The Grit Scale was developed by Duckworth, Peterson, Matthews, and Kelly (2007). They define grit as "perseverance and passion for long-term goals" (Duckworth et al., 2007, p. 1087). Persons with high grit work strenuously and motivated towards a goal or challenge over years. Because of their strong stamina and self-discipline, they do not get discouraged by stagnation or setbacks. Interests and effort remain consistent. Grit is related to self-control (ability to resist temptation and control impulses) and need for achievement (implicit persuit of moderately difficult goals, followed by immediate feedback). However, it differs from these concepts due to its long-term-intensity, awareness and consistency despite of missing feedback.
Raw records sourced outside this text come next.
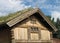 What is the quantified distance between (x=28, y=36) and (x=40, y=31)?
1670 mm

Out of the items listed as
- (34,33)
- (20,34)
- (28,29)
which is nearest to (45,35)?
(34,33)

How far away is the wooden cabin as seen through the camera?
22453 mm

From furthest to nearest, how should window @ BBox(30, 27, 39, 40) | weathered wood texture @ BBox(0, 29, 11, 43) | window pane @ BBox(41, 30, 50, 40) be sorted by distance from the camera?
window pane @ BBox(41, 30, 50, 40) < window @ BBox(30, 27, 39, 40) < weathered wood texture @ BBox(0, 29, 11, 43)

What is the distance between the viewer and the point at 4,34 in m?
22.8

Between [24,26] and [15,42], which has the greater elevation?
[24,26]

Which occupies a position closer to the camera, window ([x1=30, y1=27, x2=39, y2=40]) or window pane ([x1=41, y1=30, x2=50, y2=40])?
window ([x1=30, y1=27, x2=39, y2=40])

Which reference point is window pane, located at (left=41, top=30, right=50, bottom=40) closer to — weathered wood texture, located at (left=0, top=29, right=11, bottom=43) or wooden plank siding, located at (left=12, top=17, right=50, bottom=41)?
wooden plank siding, located at (left=12, top=17, right=50, bottom=41)

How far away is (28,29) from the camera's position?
2356 cm

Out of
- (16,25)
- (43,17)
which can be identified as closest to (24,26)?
(16,25)

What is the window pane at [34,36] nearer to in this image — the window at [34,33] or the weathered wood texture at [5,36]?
the window at [34,33]

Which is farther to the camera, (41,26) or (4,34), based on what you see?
(41,26)

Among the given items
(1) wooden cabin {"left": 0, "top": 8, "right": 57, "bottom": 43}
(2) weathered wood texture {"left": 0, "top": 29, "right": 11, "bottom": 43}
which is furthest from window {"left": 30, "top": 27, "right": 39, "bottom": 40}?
(2) weathered wood texture {"left": 0, "top": 29, "right": 11, "bottom": 43}

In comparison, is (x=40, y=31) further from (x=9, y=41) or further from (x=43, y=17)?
(x=9, y=41)

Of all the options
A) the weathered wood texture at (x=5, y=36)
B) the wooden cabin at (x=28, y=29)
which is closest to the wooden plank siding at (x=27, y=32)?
the wooden cabin at (x=28, y=29) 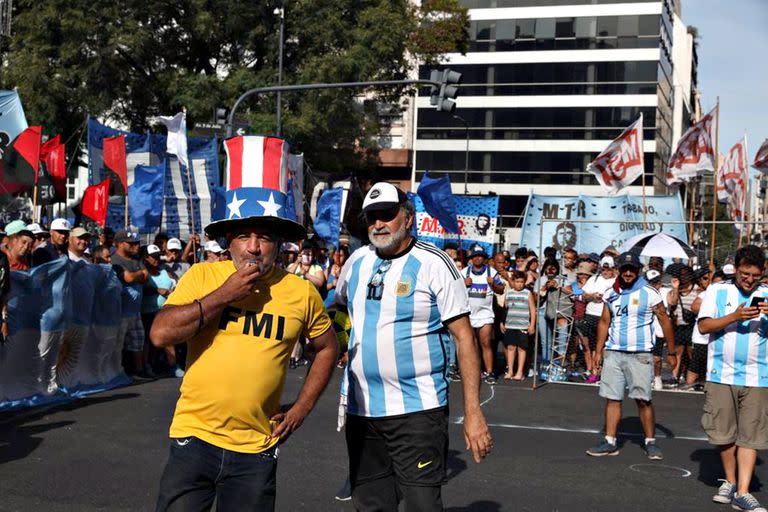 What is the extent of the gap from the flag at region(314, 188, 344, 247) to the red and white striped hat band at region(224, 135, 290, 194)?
1491 centimetres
According to Duckworth et al. (2007), grit is highly correlated with Big Five Conscientiousness, but has an incremental validity of beyond conscientiousness and IQ regarding success measures.
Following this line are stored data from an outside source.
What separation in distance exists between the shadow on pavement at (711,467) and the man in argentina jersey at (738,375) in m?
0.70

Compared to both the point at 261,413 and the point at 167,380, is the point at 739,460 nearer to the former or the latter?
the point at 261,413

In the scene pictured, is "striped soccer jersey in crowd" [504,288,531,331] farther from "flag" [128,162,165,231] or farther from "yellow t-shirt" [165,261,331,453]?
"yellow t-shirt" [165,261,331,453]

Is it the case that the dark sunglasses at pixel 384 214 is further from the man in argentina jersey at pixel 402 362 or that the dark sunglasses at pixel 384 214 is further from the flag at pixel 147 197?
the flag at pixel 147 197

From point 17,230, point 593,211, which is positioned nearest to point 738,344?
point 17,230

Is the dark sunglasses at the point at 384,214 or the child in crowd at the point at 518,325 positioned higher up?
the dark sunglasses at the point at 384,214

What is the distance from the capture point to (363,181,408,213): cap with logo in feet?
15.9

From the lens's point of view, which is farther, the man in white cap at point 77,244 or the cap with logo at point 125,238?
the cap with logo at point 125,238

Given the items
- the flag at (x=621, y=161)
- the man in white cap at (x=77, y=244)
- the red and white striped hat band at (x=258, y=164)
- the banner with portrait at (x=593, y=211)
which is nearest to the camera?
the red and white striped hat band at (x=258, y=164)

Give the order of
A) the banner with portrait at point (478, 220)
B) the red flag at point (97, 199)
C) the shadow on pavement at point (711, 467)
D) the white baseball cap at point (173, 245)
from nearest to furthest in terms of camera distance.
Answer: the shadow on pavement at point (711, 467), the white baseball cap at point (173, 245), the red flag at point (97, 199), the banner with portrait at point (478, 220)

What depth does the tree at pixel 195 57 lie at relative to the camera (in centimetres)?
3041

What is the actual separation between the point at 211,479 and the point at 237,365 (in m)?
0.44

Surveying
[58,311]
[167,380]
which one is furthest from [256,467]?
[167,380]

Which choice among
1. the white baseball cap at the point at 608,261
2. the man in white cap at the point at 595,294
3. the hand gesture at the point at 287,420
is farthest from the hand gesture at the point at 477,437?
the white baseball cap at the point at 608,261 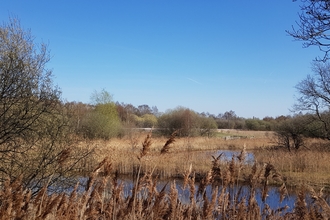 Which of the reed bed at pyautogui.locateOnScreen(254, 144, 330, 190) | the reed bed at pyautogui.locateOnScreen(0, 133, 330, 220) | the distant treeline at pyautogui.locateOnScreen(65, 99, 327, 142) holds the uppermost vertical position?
the distant treeline at pyautogui.locateOnScreen(65, 99, 327, 142)

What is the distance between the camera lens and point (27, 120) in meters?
9.79

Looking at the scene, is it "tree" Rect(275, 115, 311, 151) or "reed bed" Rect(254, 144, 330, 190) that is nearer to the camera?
"reed bed" Rect(254, 144, 330, 190)

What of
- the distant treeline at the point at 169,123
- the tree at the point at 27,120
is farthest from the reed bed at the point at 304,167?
the tree at the point at 27,120

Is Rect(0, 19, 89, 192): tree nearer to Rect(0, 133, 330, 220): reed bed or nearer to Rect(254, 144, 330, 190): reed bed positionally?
Rect(0, 133, 330, 220): reed bed

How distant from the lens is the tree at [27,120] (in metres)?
9.38

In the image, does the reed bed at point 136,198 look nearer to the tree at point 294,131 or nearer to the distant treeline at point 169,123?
the distant treeline at point 169,123

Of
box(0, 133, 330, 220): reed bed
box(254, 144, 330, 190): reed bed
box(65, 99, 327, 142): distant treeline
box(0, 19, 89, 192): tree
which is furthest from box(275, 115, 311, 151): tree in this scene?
box(0, 133, 330, 220): reed bed

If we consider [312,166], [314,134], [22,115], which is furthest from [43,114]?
[314,134]

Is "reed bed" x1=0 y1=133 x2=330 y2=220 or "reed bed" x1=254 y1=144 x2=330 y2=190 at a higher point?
"reed bed" x1=0 y1=133 x2=330 y2=220

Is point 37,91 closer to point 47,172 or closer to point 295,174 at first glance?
point 47,172

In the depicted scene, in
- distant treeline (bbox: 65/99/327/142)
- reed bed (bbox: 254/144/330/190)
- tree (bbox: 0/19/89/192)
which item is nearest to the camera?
tree (bbox: 0/19/89/192)

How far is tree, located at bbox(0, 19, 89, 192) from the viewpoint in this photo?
369 inches

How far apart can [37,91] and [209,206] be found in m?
9.43

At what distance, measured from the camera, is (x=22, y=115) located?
9750 millimetres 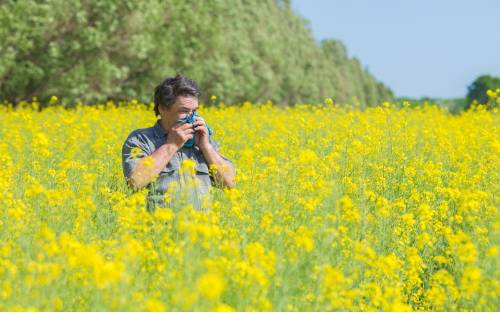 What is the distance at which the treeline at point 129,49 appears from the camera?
17828mm

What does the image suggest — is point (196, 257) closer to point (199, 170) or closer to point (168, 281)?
point (168, 281)

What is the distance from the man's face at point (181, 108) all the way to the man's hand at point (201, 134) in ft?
0.33

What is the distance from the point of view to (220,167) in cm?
577

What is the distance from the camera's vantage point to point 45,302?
11.6 ft

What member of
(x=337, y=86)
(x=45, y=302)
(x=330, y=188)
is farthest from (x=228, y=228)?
(x=337, y=86)

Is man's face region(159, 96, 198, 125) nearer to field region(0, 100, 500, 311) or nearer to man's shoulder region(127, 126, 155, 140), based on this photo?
man's shoulder region(127, 126, 155, 140)

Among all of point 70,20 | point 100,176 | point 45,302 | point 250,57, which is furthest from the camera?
point 250,57

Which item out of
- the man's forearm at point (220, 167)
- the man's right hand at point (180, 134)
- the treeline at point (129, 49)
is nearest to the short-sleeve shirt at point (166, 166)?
the man's forearm at point (220, 167)

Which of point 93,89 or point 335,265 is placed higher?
point 93,89

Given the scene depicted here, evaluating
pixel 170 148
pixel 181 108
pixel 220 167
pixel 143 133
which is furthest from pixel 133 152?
pixel 220 167

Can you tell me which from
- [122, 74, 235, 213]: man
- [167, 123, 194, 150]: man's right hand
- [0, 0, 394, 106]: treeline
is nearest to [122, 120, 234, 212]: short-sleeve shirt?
[122, 74, 235, 213]: man

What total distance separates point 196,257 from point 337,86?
4607cm

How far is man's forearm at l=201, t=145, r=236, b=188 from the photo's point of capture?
5758 millimetres

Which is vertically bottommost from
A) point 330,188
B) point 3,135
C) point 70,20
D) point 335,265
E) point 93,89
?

Item generation and selection
In 2007, Duckworth, Peterson, Matthews, and Kelly developed the first version of the Grit Scale. It included 27 items and was tested with a sample of n = 1,545 participants aged 25 and older with different education (M = 45 years; 73% women, 27% men; Duckworth et al., 2007). Items had been selected under consideration of independency from respondents' age and life domains. They should contain typical attitudes and behaviors of high-achieving individuals, including sustaining effort in case of setbacks and consistency of interests over time. Considering item correlations, reliability coefficients and redundancy, the scale was reduced to a final version with 12 items. For the PIAAC field trial 2010, another reduced version of the Grit Scale with 9 items was used.
Samples
The Grit Scale was administered in the PIAAC field trial 2010, in which 21 OECD countries participated: Austria (AT), Belgium (BE), Chile (CL), Cyprus (CY), Czech Republic (CZ), Denmark (DK), Estonia (EE), Finland (FI), France (FR), Germany (DE), Ireland (IE), Italy (IT), Japan (JP), Korea (KR), Netherlands (NL), Norway (NO), Poland (PL), Portugal (PT), Spain (ES), Sweden (SE), United Kingdom (UK).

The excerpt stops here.